Le docteur, [F], [T], expert judiciaire, a rendu son rapport définitif le 20 mars 2020.
Par exploit d’huissier en date du 25 avril 2024, Monsieur, [C], [K] en son nom personnel et en sa qualité d’ayant-droit de Monsieur, [P], [C], Madame, [V], [S] veuve, [C], Monsieur, [B], [C] et Monsieur, [O], [C] ont fait assigner Madame, [D], [R] et la caisse départementale de la Mutualité Agricole de l’Aube devant le tribunal judiciaire de TROYES aux fins d’indemnisation de leurs préjudices.
* * * *
Dans ses dernières conclusions notifiées par RPVA le 12 août 2025 et auxquelles il convient de se référer pour plus ample exposé des prétentions et moyens, les consorts, [C] demandent au tribunal de :
Déclarer Madame, [V], [S] veuve, [C], Monsieur, [K], [C] agissant tant en son nom personnel qu’ès qualité d’ayant droit de Monsieur, [P], [C], Monsieur, [B], [C] et Monsieur, [O], [C], recevables et bien fondés en leurs prétentions,Déclarer que Madame, [D], [R], Docteur, a commis une faute de négligence et est pleinement responsable du diagnostic de découverte tardive du mélanome,
En conséquence,
Condamner Madame, [D], [R] à l’indemnisation de l’ensemble des préjudices des consorts, [C],Liquider les préjudices personnels de Monsieur, [P], [C] comme suit : Assistance, [Localité 7] Personne Temporaire : 51.360,00 € Perte de gains professionnels actuels : 10.126,00 € Déficit fonctionnel temporaire : 2.115,00 € Souffrances endurées : 20.000,00 € Préjudice esthétique temporaire : 10.000,00 € Total : 93.601,00 € Total tenant compte d’un taux de survie à 70% : 65.520,70 €
Liquider les préjudices de Madame, [V], [S] veuve, [C] comme suit : Préjudice d’affection : 25.000,00 € Préjudice d’accompagnement : 20.000,00 € Perte de revenus des proches : 29.828,25 € Frais d’obsèques : 12.790,78 € Frais divers : 5.039,62 € Total : 92.658,65 €
Liquider les préjudices de Monsieur, [K], [C] comme suit : Préjudice d’affection : 40.000,00 € Préjudice d’accompagnement : 30.000,00 € Perte de revenus des proches : 210.688,78 € sauf à parfaire Total : 280.688,78 € sauf à parfaire
Liquider les préjudices de Monsieur, [B], [C] comme suit : Préjudice d’affection : 15.000,00 € Perte de revenus des proches : 419.806,00 €
Liquider les préjudices de Monsieur, [O], [C] comme suit : Préjudice d’affection : 10.000,00 €
En conséquence,
Condamner Madame, [D], [R] à verser à Monsieur, [K], [C] en sa qualité d’ayant droit de Monsieur, [P], [C] la somme de 65.520,70 € déduction faite du taux de survie estimé à 70% au titre de l’action successorale,Condamner Madame, [D], [R] à verser à Madame, [V], [S] la somme de 92.658,65 € en réparation de l’ensemble de ses préjudices personnels,Condamner Madame, [D], [R] à verser à Monsieur, [K], [C] la somme de 280.688,78 € en réparation de l’ensemble de ses préjudices personnels,Condamner Madame, [D], [R] à verser à Monsieur, [B], [C] la som…
Motivations de la décision
MOTIFS :
Aux termes de l'article 472 du code de procédure civile, si le défendeur ne comparaît pas, il est néanmoins statué sur le fond.
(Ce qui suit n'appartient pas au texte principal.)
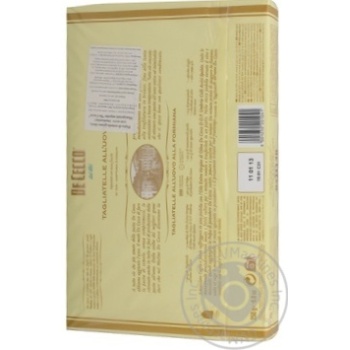 Макарони De Cecco Tagliatelle №104 250г х12 купить, цены на МегаМаркет - фото 2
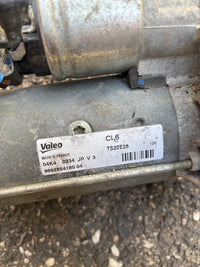 Démarreur Citroën 9662854180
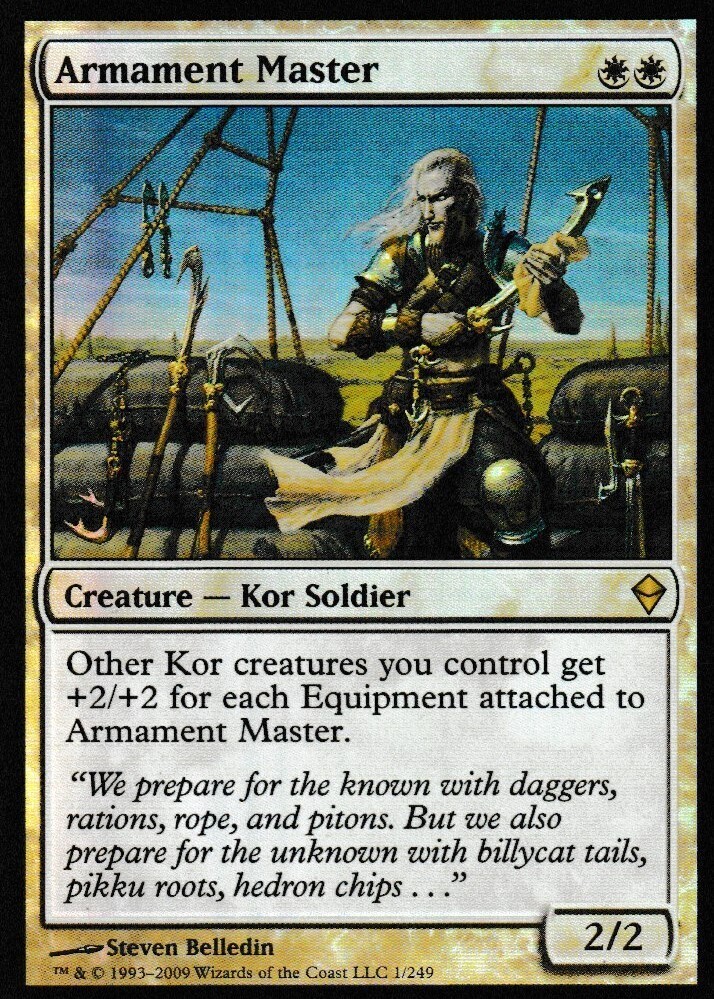 Armament Master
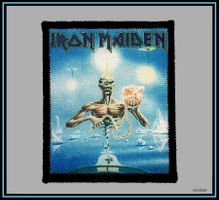 Aufnäher *Iron Maiden* - Nr. J-2034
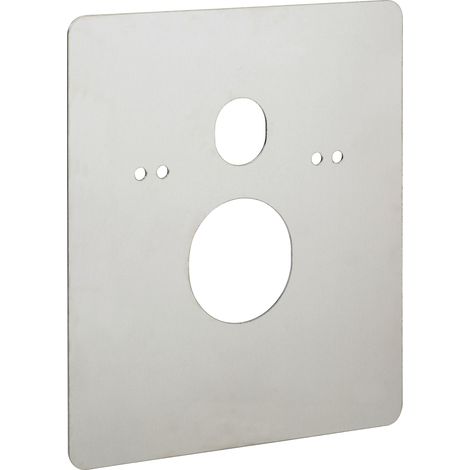 Plaque de recouvrement 8040.21 en acier inoxydable 460 x 390 mm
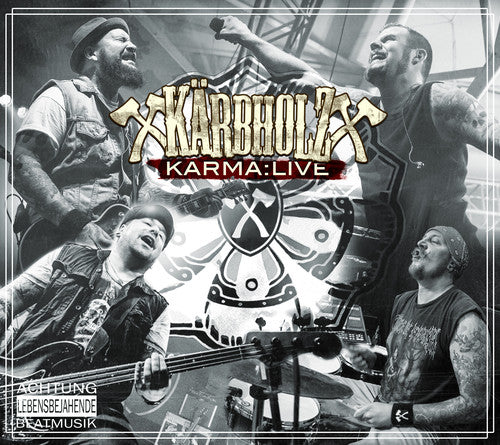 Karbholz: Karma: Live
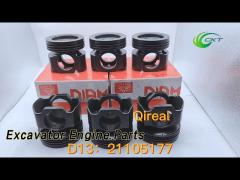 Overhaul Kit Excavator Engine Parts Liner Piston Set For Excavator D13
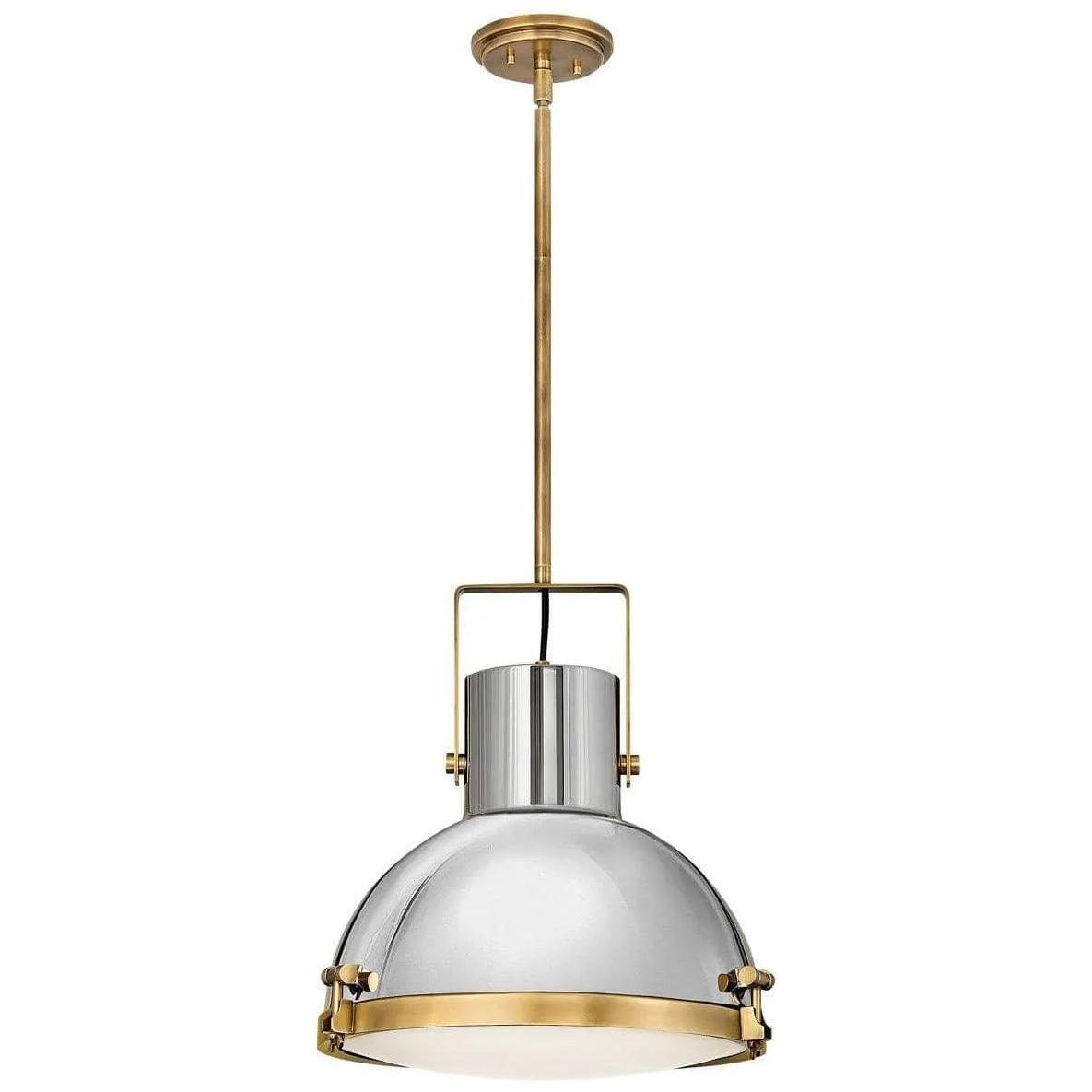 Hinkley Lighting - Nautique 18-Inch Pendant - 49065HB - Canada Light Shop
Le juge ne fait droit à la demande que dans la mesure où il l'estime régulière, recevable et bien fondée.
En application de l'article 474 du code de procédure civile, la présente décision sera réputée contradictoire à l'égard de toutes les parties.
I – Sur la responsabilité du docteur, [R] :
Aux termes de l’article L1142-1 du code de la santé publique, hors le cas où leur responsabilité est encourue en raison d'un défaut d'un produit de santé, les professionnels de santé mentionnés à la quatrième partie du présent code, ainsi que tout établissement, service ou organisme dans lesquels sont réalisés des actes individuels de prévention, de diagnostic ou de soins ne sont responsables des conséquences dommageables d'actes de prévention, de diagnostic ou de soins qu'en cas de faute.
La faute s’analyse comme le manquement à l’obligation de moyen d’apporter des soins consciencieux, attentifs et conformes aux données acquises de la science.
La réparation des conséquences de l’aléa thérapeutique n’entre pas dans le champ des obligations dont un médecin est tenu à l’égard de son patient.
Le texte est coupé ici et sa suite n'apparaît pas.